Kesepakatan pertukaran dianggap sebagai salah satu cara utama untuk membebaskan para tawanan Palestina dari penjara-penjara ‘Israel’.

Namun, sejak kematian Shalit, penjajah Zionis dan kelompok-kelompok Palestina tidak dapat mencapai kesepakatan. Meski begitu, sejarah menunjukkan sejumlah contoh di mana kedua belah pihak sepakat untuk melakukan pertukaran.

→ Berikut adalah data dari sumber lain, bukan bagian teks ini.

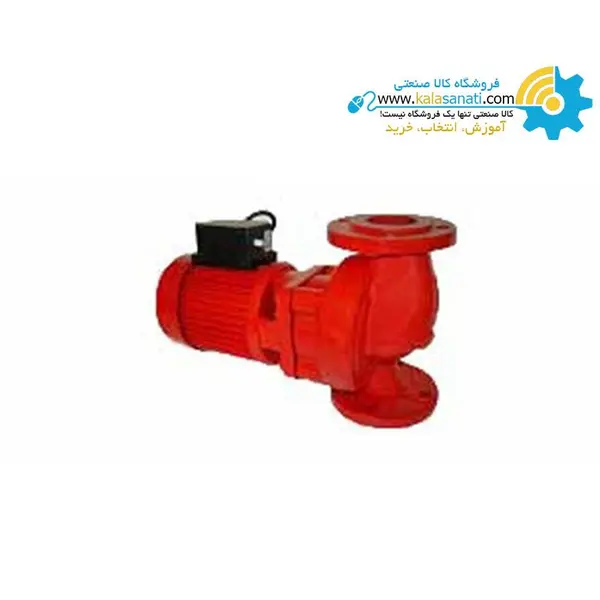 پمپ سیرکوله سمنان انرژی 3 اینچ PD38 - 4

Beberapa contoh penting tercantum di bawah ini:

Pada tahun 1968, 12 penumpang dan awak pesawat ‘Israel’ El Al yang dibajak ditukar dengan 37 tawanan Palestina.

Pada tahun 1971, gerakan Fatah menukar serdadu ‘Israel’ yang ditangkap, Shmuel Rosenwasser, dengan salah satu anggotanya yang dipenjara, Mahmoud Bakr Hijazi.

Pada tahun 1983, ‘Israel’ membebaskan lebih dari 4.500 tawanan dari kamp penjara Ansar di Lebanon selatan ditambah sejumlah tawanan lainnya di penjara-penjara ‘Israel’ dengan imbalan pembebasan enam serdadu yang ditangkap.

Pada tahun 1985, berdasarkan perjanjian yang dikenal dengan Perjanjian Jibril, ‘Israel’ membebaskan lebih dari 1.150 tawanan dengan imbalan tiga serdadu ‘Israel’.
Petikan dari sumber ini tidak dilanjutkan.